Suman Sengupta’s work as dramatist-director attains a peak on Chetla Krishti Sansad’s Āmār Gān, hopefully one of many other peaks in future. It deservedly won Theatre Workshop’s annual Satyen Mitra award for playwriting this year. A visually-impaired and wheelchair-bound teenage boy, Palash, disappears mysteriously from his home, and we get to know his background through the flashbacks that ensue. Highly intelligent, he constantly sought answers from his physicist father, asking most obsessively of all about the definition of light.
This situation does raise several implausibilities. First, any human can feel the warmth of sunlight on the skin, which should have helped Palash in understanding the nature of light. Second, is his father so bad a physics teacher that he cannot explain light adequately and must resort to hurtful methods? Third, can’t he get hold of toys or models of birds and trees for Palash’s comprehension? Fourth, why has this educated family not located a suitable school for him? Fifth, why must he have to crawl up the stairs every time to his favourite spot, the terrace? The otherwise sublime conclusion also seems anticlimactic, because the family fails to search for him in the one place that they know very well he loves to go to.

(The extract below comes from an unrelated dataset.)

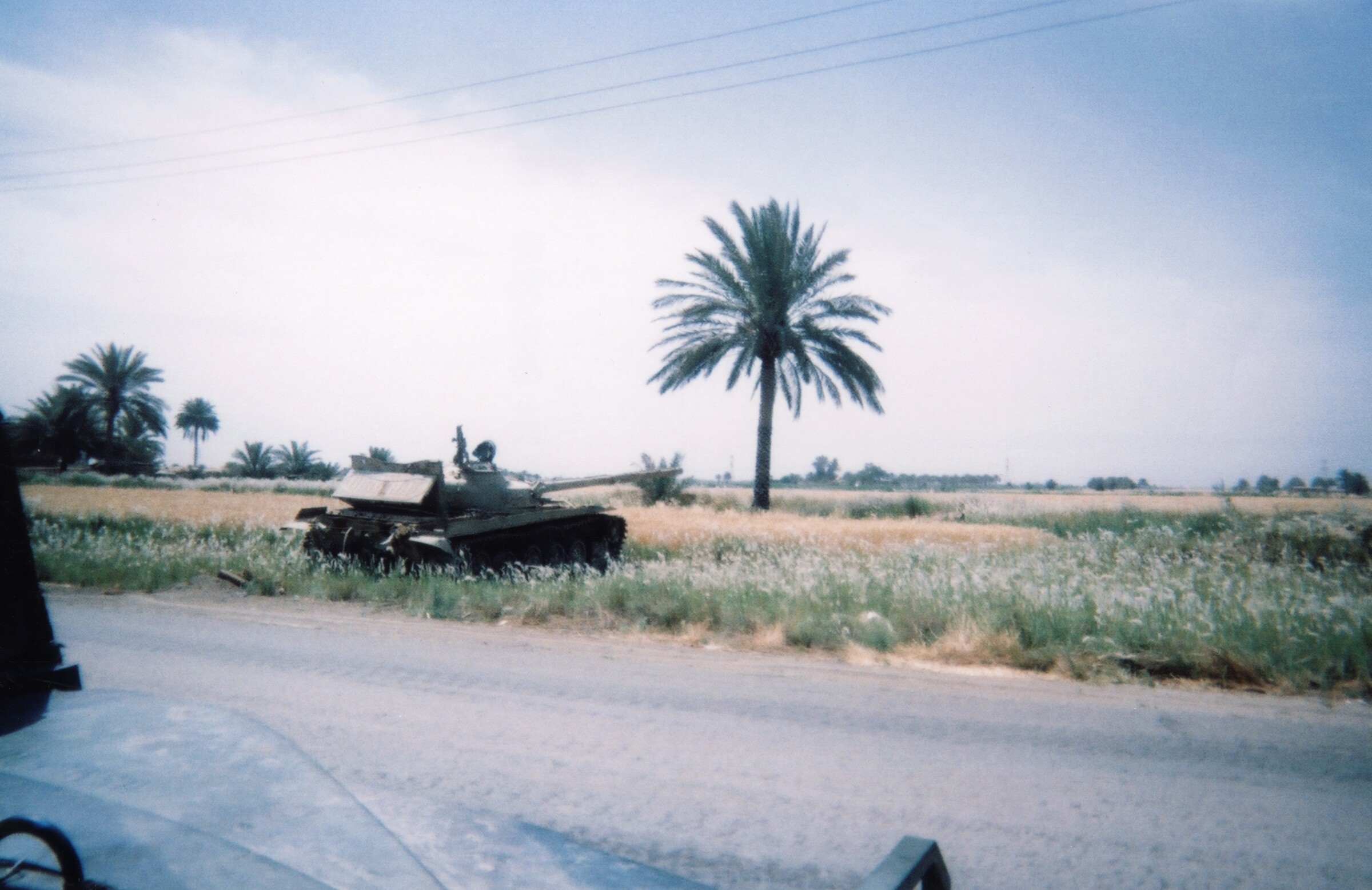 An abandoned tank sitting in a field of grass and wildflowers beside a roadway, with a single tall palm tree behind it under a pale sky.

In spite of all these misgivings, Āmār Gān leaves a strong impact due to more important aspects. Sengupta’s direction and the family’s acting (Sayantan Maitra as Palash, with Mayukh Dutta and Monjima Chattopadhyay in the photo) are flawless. He peoples the drama with a true-to-life variety of secondary characters, like a somewhat crazy pupil (Arka Chakraborty) of the father’s, and an insensitive journalist (Prashanta Dutta) typical of callous humans (though a too-obvious personification of the dark side who appears periodically is dispensable). His usage of Rabindrasangit truly moves as well as enlightens (“Āmār ange ange ke bājāy bānshi” one of many examples). And the black, white and grey design and costumes are most appropriate.